As the liturgical year draws to a close, the readings invite us to ponder this mystery of the bonds of love that persist, even after death, in unimagined and unimaginable way. Some Sadducees “who say there is no resurrection” put a loaded question or case study to Jesus in an attempt to expose as nonsensical the Pharisaic belief in resurrection. In the process, they try to discredit Jesus as a teacher of the Law. As usual, Jesus refuses to be entrapped. The diversity of Jewish opinion and belief reflected in this passage may come as a surprise to those who think of Judaism at the time of Jesus as a religion with a unified theological system. There was certainly agreement among the parties or sects on four key aspects of Jewish faith, namely, monotheism (belief in one God); election (Israel as God’s chosen people); Torah (the call to be faithful to the Law of Moses as found in the first five books of the Bible); and Temple (the Jerusalem Temple as the meeting place between God and God’s people). At the same time, there was room for considerable diversity. Life after death and the resurrection of the dead were among the many contested beliefs.

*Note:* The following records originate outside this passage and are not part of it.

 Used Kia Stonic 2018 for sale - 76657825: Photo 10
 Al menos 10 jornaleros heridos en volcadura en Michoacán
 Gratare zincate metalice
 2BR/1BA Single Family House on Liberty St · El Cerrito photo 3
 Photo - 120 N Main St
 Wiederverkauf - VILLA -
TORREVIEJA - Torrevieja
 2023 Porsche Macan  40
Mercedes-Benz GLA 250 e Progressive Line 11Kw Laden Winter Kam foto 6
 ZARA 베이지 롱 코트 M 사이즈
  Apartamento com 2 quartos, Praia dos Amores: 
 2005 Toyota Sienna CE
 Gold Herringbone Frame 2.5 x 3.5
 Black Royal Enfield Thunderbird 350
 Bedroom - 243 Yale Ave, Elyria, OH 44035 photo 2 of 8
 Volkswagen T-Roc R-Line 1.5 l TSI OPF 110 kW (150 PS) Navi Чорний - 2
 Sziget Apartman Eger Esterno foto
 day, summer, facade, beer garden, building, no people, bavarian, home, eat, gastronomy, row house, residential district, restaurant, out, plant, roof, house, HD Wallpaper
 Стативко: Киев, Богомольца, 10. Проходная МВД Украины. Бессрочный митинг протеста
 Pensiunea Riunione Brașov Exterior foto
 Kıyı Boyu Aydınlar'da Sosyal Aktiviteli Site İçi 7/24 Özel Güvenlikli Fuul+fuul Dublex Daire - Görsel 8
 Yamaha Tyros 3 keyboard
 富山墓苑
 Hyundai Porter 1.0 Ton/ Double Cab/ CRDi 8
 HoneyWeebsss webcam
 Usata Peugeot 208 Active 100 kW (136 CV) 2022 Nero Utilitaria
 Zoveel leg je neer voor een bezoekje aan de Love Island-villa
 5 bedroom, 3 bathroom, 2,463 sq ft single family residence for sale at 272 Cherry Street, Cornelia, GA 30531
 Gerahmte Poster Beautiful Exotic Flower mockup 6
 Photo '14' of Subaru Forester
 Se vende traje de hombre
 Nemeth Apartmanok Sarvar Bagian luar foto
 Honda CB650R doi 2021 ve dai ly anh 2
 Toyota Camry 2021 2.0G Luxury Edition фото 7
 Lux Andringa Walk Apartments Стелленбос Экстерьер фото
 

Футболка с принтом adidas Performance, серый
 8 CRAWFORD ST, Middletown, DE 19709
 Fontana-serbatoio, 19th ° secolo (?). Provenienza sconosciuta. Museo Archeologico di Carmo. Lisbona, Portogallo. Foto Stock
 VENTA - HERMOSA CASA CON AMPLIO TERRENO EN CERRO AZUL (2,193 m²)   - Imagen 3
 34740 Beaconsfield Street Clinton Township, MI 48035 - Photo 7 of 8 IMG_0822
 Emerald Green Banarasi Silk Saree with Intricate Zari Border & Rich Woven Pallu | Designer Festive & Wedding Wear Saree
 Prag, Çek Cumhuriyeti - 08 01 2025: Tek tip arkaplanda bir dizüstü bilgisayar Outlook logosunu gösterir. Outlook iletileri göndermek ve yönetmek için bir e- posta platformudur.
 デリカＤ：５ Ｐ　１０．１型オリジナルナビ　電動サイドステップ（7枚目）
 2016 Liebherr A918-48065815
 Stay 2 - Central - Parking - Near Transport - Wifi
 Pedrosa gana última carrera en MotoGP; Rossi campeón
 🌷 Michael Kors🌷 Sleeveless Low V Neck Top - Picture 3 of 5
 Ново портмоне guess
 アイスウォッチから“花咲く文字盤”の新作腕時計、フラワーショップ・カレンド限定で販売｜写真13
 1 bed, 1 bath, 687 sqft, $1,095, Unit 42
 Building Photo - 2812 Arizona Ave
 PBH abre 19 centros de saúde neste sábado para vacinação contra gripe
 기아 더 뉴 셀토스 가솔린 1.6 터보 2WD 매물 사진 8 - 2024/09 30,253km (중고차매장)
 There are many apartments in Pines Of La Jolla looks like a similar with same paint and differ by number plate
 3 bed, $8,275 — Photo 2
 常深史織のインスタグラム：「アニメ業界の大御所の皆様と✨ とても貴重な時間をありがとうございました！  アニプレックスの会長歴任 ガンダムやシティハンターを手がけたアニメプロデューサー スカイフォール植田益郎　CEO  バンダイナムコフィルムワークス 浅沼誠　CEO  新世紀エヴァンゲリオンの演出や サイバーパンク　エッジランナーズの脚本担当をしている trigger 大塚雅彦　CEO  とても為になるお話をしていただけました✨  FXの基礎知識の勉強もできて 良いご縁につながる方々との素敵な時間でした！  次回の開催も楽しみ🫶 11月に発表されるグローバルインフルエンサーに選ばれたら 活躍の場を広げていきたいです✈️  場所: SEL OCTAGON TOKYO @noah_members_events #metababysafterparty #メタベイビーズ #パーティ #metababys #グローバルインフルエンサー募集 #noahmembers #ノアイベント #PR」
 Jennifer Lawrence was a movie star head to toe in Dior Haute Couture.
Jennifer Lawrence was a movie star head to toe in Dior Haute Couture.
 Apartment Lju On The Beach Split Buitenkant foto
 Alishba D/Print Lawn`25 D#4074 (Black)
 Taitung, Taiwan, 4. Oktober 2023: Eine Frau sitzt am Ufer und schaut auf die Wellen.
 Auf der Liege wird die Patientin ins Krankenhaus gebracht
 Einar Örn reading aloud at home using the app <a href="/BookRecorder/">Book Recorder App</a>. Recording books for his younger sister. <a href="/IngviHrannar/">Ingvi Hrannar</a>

Recently, as I sat with a dying Mercy friend who maintained a twinkle in her eye despite her declining health, I pondered the mysteries of life and death. She knew in her heart that her loved ones who have died are “alive to God”, as the Lukan Jesus puts it. I also knew in my heart that the life she had generated and the love she had known and brought to others over the best part of a century somehow continues and is transformed beyond our imagination through the grace of the God of the living. For the moment, that is sufficient response to the reading for this Sunday. Jesus of Nazareth refuses entrapment and invites belief in a God for whom all the dead are alive. We live by faith in God and in hope of resurrection, of the transformation of every being.
Luke 20:27-38 Some Sadducees, those who say there is no resurrection, came to him and asked him a question, “Teacher, Moses wrote for us that if a man’s brother dies, leaving a wife but no children, the man shall marry the widow and raise up children for his brother. Now there were seven brothers; the first married, and died childless; then the second and the third married her, and so in the same way all seven died childless. Finally the woman also died. In the resurrection, therefore, whose wife will the woman be? For the seven had married her.” Jesus said to them, “Those who belong to this age marry and are given in marriage; but those who are considered worthy of a place in that age and in the resurrection from the dead neither marry nor are given in marriage. Indeed they cannot die anymore, because they are like angels and are children of God, being children of the resurrection. And the fact that the dead are raised Moses himself showed, in the story about the bush, where he speaks of God as the God of Abraham, the God of Isaac, and the God of Jacob. Now he is God not of the dead, but of the living; for to God all of them are alive.”